First of all, a confession. I was, like, one of a teeny handful of girls my age who didn’t care for horses. Everyone was all about Black Beauty and the Black Stallion, and tons of other horseback-riding paperbacks, and I was all, “Eh. I’ll take dolphins” (Misty of Chincoteague was not half bad, but I liked the story, not the horses). Ergo, I thought Black Beauty was a horribly depressing book, and no amount of horse porn could redeem that book for me. I realize it’s very important to raise awareness about the maltreatment of animals, but reading about it feels me with unbelievable distress.
After finishing White Fang and discarding The Call of the Wild prior, I have only this to say: Jack London is the Black Beauty of dog-writers, and I DO NOT APPRECIATE IT.
White Fang opens with two men on a sled conveying a man of some nobility who has died in his coffin back to civilization.
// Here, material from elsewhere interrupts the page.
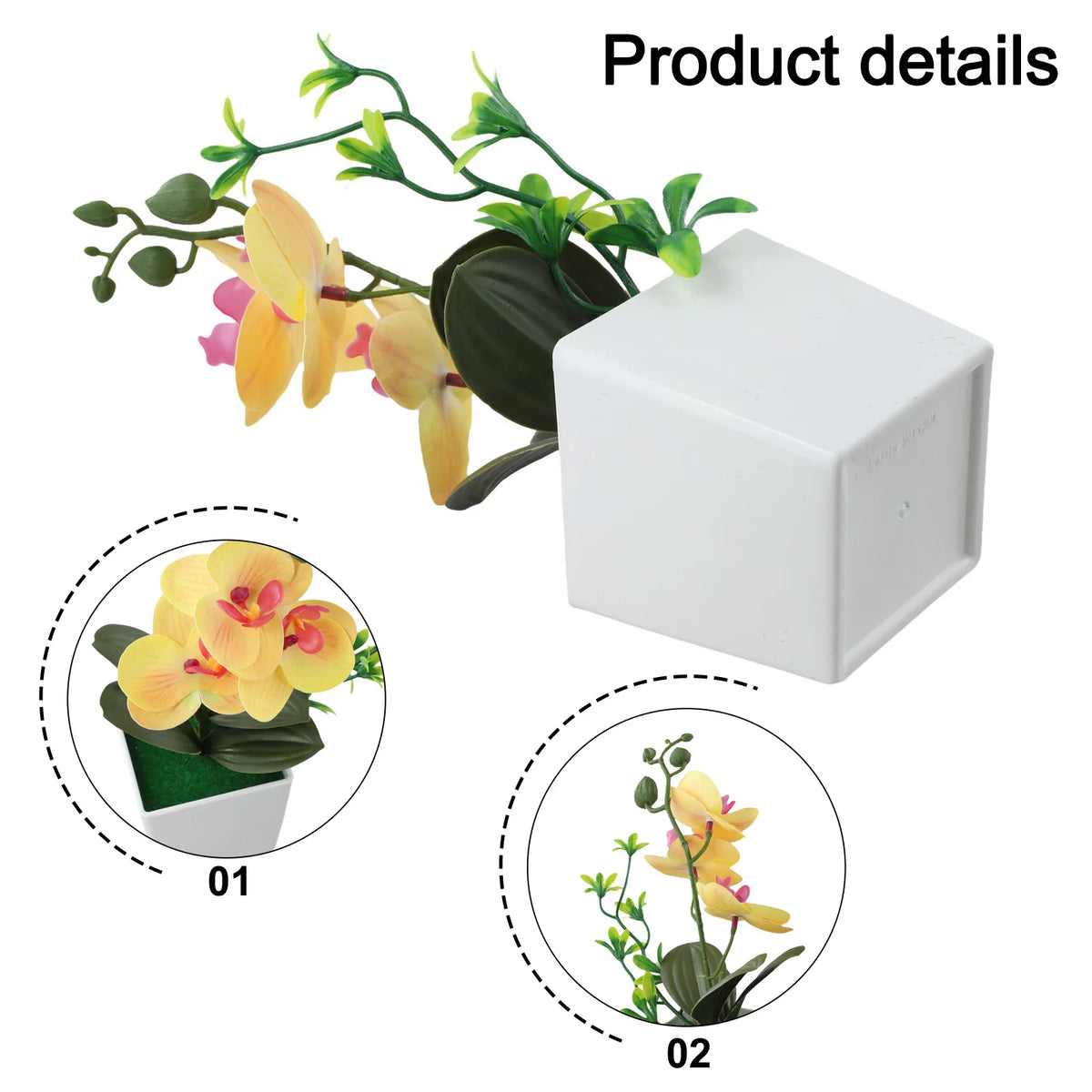décoration intérieure orchidée artificielle pot blanc fleurs simples feuilles vertes moderne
And slowly, their dogs get picked off and eaten by wolves. One man tries to go after them with a shotgun, and all we hear is that he doesn’t return. Really, Jack? REALLY? You give us gory descriptions of dogfighting, and yet you can’t say candidly that a man was eaten by wolves? The WTFery just continues from there. One of the wolves, the she-wolf (in the closet) turns out to be White Fang’s mother. We hear about his puppyhood and his mother’s submission to Gray Beaver, an indigenous man, and the struggles of submission to Gray Beaver. White Fang, a wild 3/4 wolf, struggles to survive in the nasty pack of dogs. And then, at the apex of his existence, Gray Beaver is tricked out of ownership to a terrible man named Beauty Smith and White Fang is turned into a fighting dog. It’s truly awful, and not even the resolution can make me forget about the dogfighting scenes.
Jack London has some interesting commentary on the nature of human kindness and on the effects our poor or fair treatment of less fortunate creatures can have long-term effects for both good and ill. But it’s kind of hard to wade through, sometimes.